Variational inference turns posterior estimation into optimization. Instead of computing $p_\theta(z \mid x)$ exactly, we choose an approximating family $q_\phi(z \mid x)$ and minimize its divergence from the true posterior.

From log evidence to the ELBO

Starting from $\log p_\theta(x)$, insert the variational posterior and rearrange:

$$\log p_\theta(x) = \mathcal{L}(x; \theta, \phi) + D_{\mathrm{KL}}\left(q_\phi(z \mid x)\,\|\,p_\theta(z \mid x)\right),$$

where

$$\mathcal{L}(x; \theta, \phi) = \mathbb{E}_{q_\phi(z \mid x)}[\log p_\theta(x \mid z)] - D_{\mathrm{KL}}\left(q_\phi(z \mid x)\,\|\,p(z)\right).$$

Because the KL term is nonnegative, $\mathcal{L}$ is a lower bound on the log evidence, hence the name evidence lower bound.

Why amortization matters

Classical variational inference solved a separate optimization problem for each datapoint. Amortized inference replaces that with a shared inference network $q_\phi(z \mid x)$. This is computationally efficient, but it introduces an approximation gap because one encoder must represent many local posteriors.

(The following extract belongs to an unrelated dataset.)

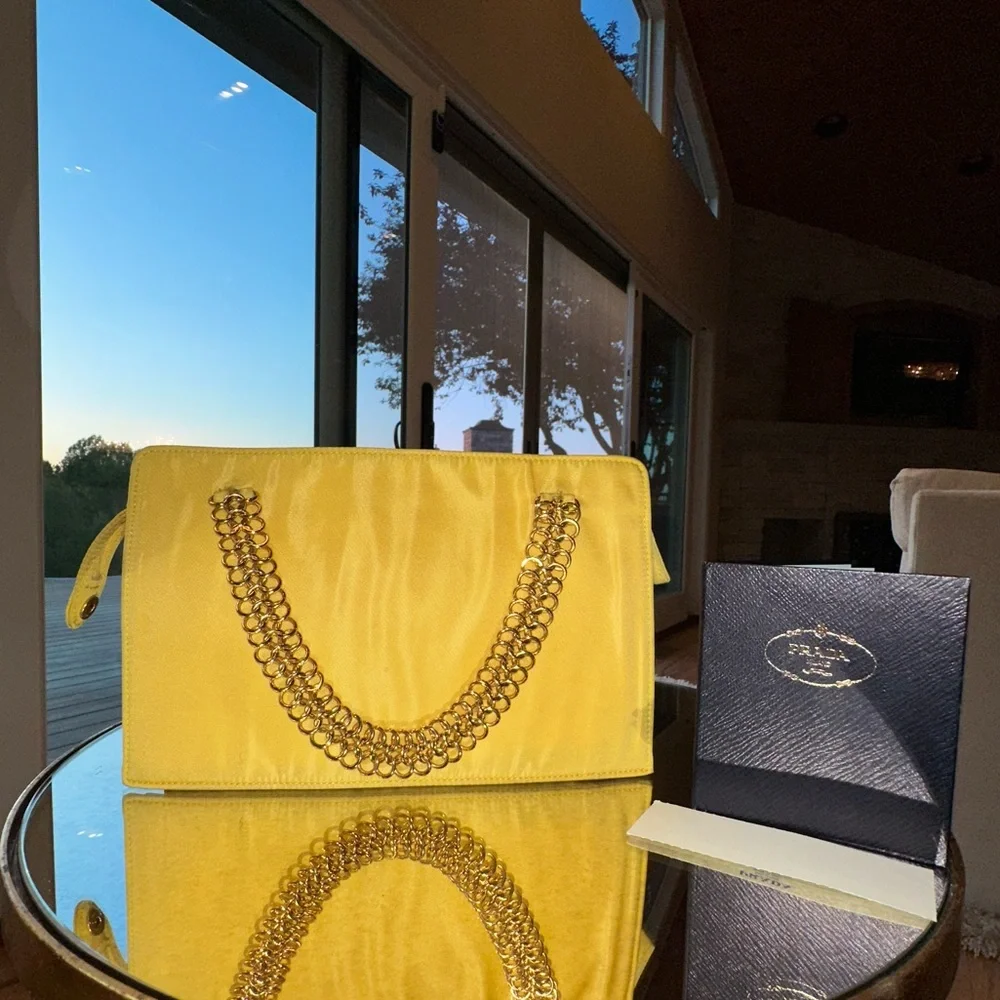 - PRADA Nylon Purse *RARE FIND* - Picture 2 of 7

Minimal implementation sketch

mu, logvar = encoder(x)
std = torch.exp(0.5 * logvar)
eps = torch.randn_like(std)
z = mu + eps * std
recon = decoder(z)

recon_loss = F.binary_cross_entropy(recon, x, reduction="sum")
kl = -0.5 * torch.sum(1 + logvar - mu.pow(2) - logvar.exp())
loss = recon_loss + kl

The scientific value of this framework is broader than VAEs. ELBO-style reasoning appears across latent-variable modelling, probabilistic sequence models, and Bayesian deep learning.